A Curated Collection of Public Employee Handbooks

I have always been impressed to read and learn how people work, how they organize their days, what they decide to value, how they communicate or how they describe their processes to make collaboration effortless. Especially if they are part of a larger organization - like a company. Usually companies collect their knowledge, their processes and their principles in so-called employee handbooks and they are super-secret. But a few companies are not afraid to publish their work style, their culture and their policies.

This is a collection of employee handbooks that inspire me, that make me think and motivate me to improve my own workplace. With a big thank you to the unknown contributors.

Gitlab Handbook

Gitlab is one of the bigger remote first companies. And - of course - they keep their handbook online and public. If you are interested into how remote organizations work and how they organize people and processes, this is a great handbook to start from. By the time of this writing in late 2023 the Gitlab handbook is in a state of migration, which itself is documented in the handbook, of course.

Checkly's Employee Handbook

Checkly provides monitoring-as-code and they use Notion to publish their handbook online. Like Gitlab, they put a lot of focus on async communication. Structuring your asynchronous communication and guide it with principles becomes key if you want to go remote, hybrid and distributed.

Netflix

An early Netflix company handbook leaked in the early 2010s. Since then the handbook evolved and moved into their hiring portal. A good example, that an open handbook may also address new applicants, that can get informed when wanting to apply to a company. The internal culture will shine through in the handbook pages and will make it possible to any applicant to prepare for an interview and ask just the right questions.

Basecamp

I have been following the guys at 37signals for oh-i-dont-know-how-long. The former company of Jason Fried and David Heinemeier Hansson call themselves Basecamp now, named after their most successful product. And they keep their handbook on Github. There they can easily convert it into pages, hand it around, print it out if they need to. Like Notion, Github is a popular choice for publishing handbooks.
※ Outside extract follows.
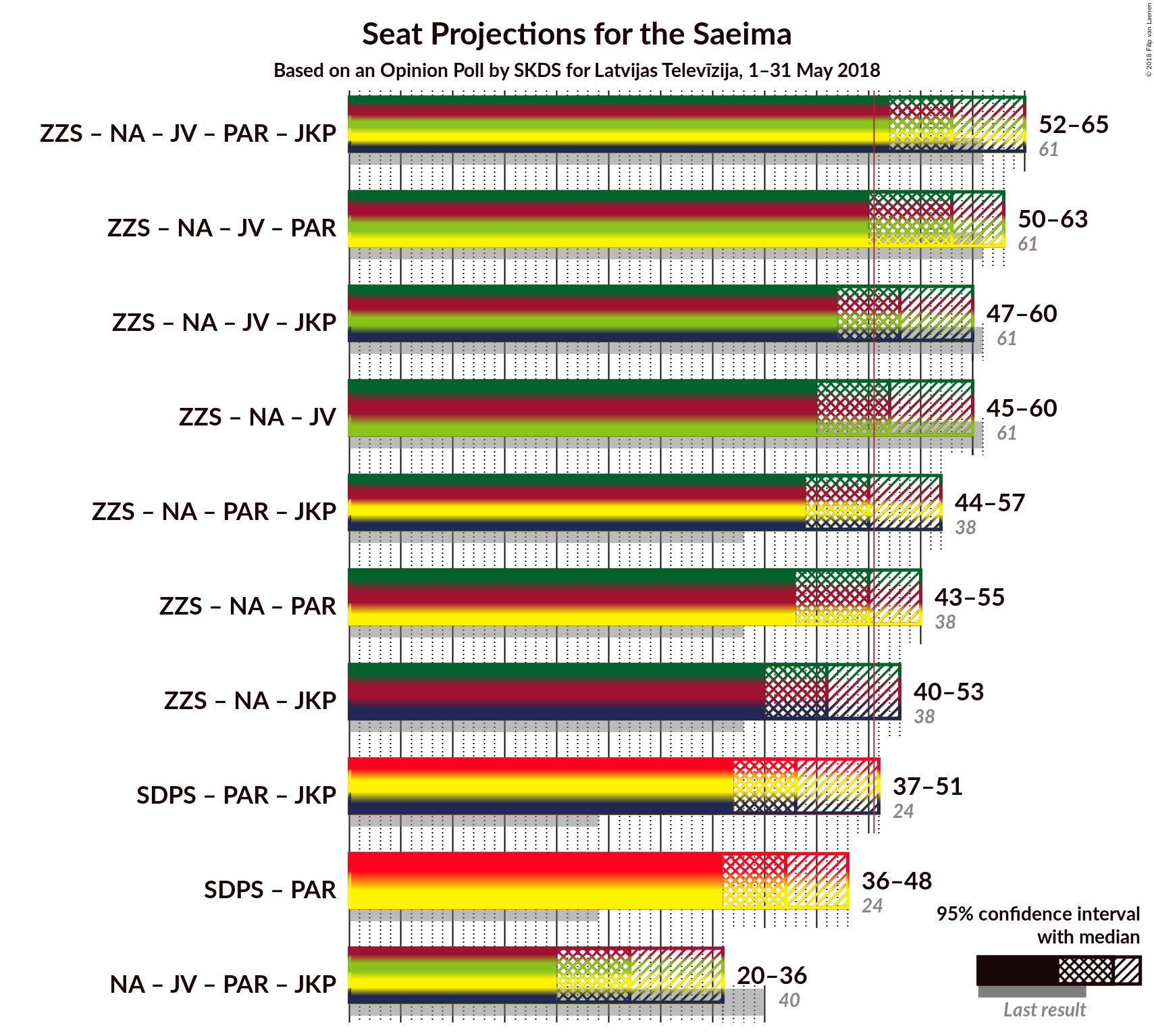 Graph with coalitions seats not yet produced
Tom Sachs: Working to Code in Tom Sachs' Studio

A YouTube movie as a handbook? Works. Beautifully constructed, the movie gives an overview over the complex structure of working in a studio. The rules are quite strict, but allow keeping up a creative environment where trust between employees may grow and is encouraged. It is a masterpiece in pacing, selected camera angles and editing. It makes you want to work in such a studio.

JetBlue

JetBlue keeps their employee handbook online - in presentation form. These handbooks obviously are more addressing new hires than being a practical guide for your daily work and challenges. However, learning how they handle things it gives a good glimpse into how they operate.

HubSpot

Like JetBlue, HubSpot keeps their Code of Conduct online as well. The presentation goes some extra effort to explain the "Why" behind some of the principles. Less day-to-day dictionary, more a glossy company presentation. Inspiring nonetheless.

Stripe

Stripe is one if the largest online payment providers that offer APIs, components and services for payment transactions. They do not really keep their handbook public, but hand out their operating principles. Stripe has established a writing-heavy culture which you can witness on their engineering blog.

Meta

Well, well, well - a public handbook can give you the impression of an open company. But never forget, your working culture is not defined by your handbook, but by how you treat people. Here's Meta's handbook on how they want to see their company (check the filename, it really has the words "update_final_6_2_final" in it). Haven't seen that for some time :)

Organisational Handbook of the German Ministry of Internal Affairs (German)

Well, who would have thought? There‘s a public org handbook available (in German Language) of one of our ministries. For me, it‘s simply impressive, that there is a public handbook at all - regardless the content.


Keeping your organizational stuff publicly online has a lot of benefits. Especially if you use a format that can be easily edited like a git repo or a wiki. Things tend to be up-to-date naturally and outdated information will be noticed. New hires can take a glimpse of their new company, self-education is encouraged.